Creation, despite its many wonders, groans through weather events—heatwaves, floods, and wildfire wreaking havoc around the globe. The natural world longs for its redemption from humanity’s lack of care and worse, abuse of its resources.
And the more things change, the more it feels like they stay the same. Political divisions eclipse political solutions. Religious differences separate us rather than bring us together. Longheld prejudices based on variances in skin color, ethnicity, and gender prove hard to break or put aside. Corruption and injustice repeatedly mar humanity’s best ideas and efforts in the name of progress.
Before the polarization of communities, the isolation of individuals, and the untended wounds of creation, there is the temptation of disengagement. Perceiving the immensity and complexity of it all, we can choose to step back. And should we surrender to the rising sense of futility about the future, our apathy soon weaves itself into a self-protective cocoon of cynicism.
Before all the brokenness around and the festering questions within us - ones, we cannot answer—there is another way we can choose to respond. We can choose to lament. To lament is not to hold back but to openly express our grief and sorrow. It is to articulate the frustration. To vent the anger. To raise the questions. To confess our doubts even as we challenge the status quo.
Lament is an exercise of spiritual agency—an expression of an active, engaged faith rather than a passive, resigned one. It is to cry out in the conviction that this life is not the way it is supposed to be. It is to defiantly believe in a better world that is not only possible but promised to us. It is to look beyond the limit of ourselves and reach out to the God who takes the responsibility for setting things right. It is an articulation of hope—that loss, suffering, injustice, and death cannot and will not ultimately have the last word—hope in the God who beckons to look inside an empty tomb and view everything through the lens of resurrection.
Oftentimes the greatest threat borne out of suffering and loss is not only the physical pain it produces. It is the way grief and loss make us feel like powerless victims, destroying our sense of personal integrity and moral agency.
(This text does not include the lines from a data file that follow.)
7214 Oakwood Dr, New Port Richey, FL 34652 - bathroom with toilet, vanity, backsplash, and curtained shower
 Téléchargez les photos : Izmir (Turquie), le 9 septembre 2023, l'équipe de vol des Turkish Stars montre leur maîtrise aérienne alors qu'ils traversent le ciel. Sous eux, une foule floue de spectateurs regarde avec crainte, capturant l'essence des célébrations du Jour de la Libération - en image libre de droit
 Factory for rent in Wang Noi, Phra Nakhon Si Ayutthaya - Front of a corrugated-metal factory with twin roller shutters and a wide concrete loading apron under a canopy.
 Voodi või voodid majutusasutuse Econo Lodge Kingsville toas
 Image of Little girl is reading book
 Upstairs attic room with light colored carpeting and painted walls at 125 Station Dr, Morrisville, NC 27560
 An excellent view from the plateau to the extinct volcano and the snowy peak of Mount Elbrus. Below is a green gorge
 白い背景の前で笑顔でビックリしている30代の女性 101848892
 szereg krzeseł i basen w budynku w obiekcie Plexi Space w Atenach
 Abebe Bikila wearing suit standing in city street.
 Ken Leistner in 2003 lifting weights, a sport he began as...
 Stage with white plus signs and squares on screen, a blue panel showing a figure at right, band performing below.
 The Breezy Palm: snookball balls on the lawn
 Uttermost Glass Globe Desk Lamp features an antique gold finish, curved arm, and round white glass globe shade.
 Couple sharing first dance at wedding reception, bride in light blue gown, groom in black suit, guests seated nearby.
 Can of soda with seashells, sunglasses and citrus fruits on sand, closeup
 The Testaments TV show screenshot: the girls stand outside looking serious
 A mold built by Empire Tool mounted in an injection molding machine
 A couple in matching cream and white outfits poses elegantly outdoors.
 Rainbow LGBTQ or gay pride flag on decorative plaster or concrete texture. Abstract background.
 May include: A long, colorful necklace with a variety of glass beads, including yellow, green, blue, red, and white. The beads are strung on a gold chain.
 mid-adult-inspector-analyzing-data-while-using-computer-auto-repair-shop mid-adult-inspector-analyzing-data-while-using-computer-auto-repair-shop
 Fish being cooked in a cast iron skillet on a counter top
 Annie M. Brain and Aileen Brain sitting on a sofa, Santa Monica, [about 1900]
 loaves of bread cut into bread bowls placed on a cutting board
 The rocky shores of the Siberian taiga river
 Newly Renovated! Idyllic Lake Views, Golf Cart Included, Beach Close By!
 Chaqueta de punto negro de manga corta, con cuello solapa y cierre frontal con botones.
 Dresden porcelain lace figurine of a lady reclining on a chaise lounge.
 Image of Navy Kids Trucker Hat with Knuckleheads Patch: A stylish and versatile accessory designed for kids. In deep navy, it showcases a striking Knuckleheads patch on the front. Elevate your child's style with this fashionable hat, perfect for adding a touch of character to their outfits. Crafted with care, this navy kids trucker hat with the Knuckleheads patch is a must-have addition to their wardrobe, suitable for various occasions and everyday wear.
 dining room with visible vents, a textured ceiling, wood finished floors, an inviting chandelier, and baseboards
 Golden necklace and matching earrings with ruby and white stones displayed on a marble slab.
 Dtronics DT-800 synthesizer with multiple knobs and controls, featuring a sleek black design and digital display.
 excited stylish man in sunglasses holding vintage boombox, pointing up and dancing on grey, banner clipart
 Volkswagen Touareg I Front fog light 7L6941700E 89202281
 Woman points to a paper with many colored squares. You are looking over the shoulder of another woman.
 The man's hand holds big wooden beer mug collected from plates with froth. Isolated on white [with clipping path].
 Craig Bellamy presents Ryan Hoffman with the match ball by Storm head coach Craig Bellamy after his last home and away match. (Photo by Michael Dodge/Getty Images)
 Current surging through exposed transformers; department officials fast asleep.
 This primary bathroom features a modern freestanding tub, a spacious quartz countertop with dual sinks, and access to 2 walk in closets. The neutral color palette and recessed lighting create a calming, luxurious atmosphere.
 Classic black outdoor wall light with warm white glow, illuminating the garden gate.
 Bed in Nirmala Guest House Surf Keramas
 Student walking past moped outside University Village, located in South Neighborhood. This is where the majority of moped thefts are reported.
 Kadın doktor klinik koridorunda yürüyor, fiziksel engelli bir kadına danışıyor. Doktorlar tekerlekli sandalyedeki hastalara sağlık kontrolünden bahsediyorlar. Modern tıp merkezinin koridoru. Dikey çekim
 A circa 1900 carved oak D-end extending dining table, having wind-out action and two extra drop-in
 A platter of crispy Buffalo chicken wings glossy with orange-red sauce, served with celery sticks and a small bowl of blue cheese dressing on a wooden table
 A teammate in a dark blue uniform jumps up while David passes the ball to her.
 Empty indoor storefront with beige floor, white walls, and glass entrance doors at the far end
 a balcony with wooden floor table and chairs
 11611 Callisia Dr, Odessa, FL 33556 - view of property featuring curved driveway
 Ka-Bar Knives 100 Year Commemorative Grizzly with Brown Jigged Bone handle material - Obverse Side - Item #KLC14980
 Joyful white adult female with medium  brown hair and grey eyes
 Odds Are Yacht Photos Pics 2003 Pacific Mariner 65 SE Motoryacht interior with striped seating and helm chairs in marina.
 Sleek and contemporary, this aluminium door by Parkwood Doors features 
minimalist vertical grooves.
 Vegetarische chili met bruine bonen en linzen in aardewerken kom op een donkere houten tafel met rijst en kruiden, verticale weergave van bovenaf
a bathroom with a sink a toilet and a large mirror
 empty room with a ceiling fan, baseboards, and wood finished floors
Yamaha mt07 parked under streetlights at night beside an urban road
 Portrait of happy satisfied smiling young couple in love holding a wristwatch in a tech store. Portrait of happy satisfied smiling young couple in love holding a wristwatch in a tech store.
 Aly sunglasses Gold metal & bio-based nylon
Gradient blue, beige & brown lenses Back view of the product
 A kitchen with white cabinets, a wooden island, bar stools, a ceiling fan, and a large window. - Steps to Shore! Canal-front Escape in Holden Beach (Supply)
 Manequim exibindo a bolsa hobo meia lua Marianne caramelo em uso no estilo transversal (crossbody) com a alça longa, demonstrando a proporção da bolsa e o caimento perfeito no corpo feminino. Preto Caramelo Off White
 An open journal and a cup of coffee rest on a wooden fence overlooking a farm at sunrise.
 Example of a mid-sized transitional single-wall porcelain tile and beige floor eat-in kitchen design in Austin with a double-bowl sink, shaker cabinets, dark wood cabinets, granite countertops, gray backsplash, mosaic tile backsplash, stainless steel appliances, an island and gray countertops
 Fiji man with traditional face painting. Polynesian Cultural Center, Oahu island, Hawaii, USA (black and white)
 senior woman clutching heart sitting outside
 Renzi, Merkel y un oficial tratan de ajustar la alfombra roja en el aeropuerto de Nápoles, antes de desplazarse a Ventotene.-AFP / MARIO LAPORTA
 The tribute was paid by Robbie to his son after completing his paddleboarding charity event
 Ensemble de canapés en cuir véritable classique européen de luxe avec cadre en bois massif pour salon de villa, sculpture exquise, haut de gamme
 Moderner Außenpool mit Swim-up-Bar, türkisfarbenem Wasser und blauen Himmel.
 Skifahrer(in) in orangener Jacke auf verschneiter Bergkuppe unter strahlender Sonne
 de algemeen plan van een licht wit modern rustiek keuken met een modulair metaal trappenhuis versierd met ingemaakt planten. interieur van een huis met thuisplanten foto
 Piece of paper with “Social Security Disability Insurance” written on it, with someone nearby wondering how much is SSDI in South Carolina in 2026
Many work hard to deny, to hide from, to try to kill this deeper pain we experience within. But to do so is to sever one of the most sacred links of relationships to people and to place - that we are all in this together.
The practice of lament enables us to go beyond feeling sorry for ourselves and to recognize our solidarity with our brothers and sisters. Rather than grinning and bearing the toils and snares of this life alone, we choose to stand with each other. We seek to embrace the people before us who are hurting, frustrated, confusing, and questioning like we are and to protest and push back against the suffering, injustice, and brokenness in our lives and our world.
For lament isn’t cursing the darkness as much as facing the darkness with the Light that is greater—the Light that darkness cannot overcome. To lament is to begin to follow that Light in not condemning the world but choosing to redeem the beauty amid all the brokenness. To lament is to love—not to shy away from the fear and the hurt—but to enter into both honestly and hopefully. It is, in and through our vocations, offering a vision of a better world—of what might be, of what could be, of what someday will be.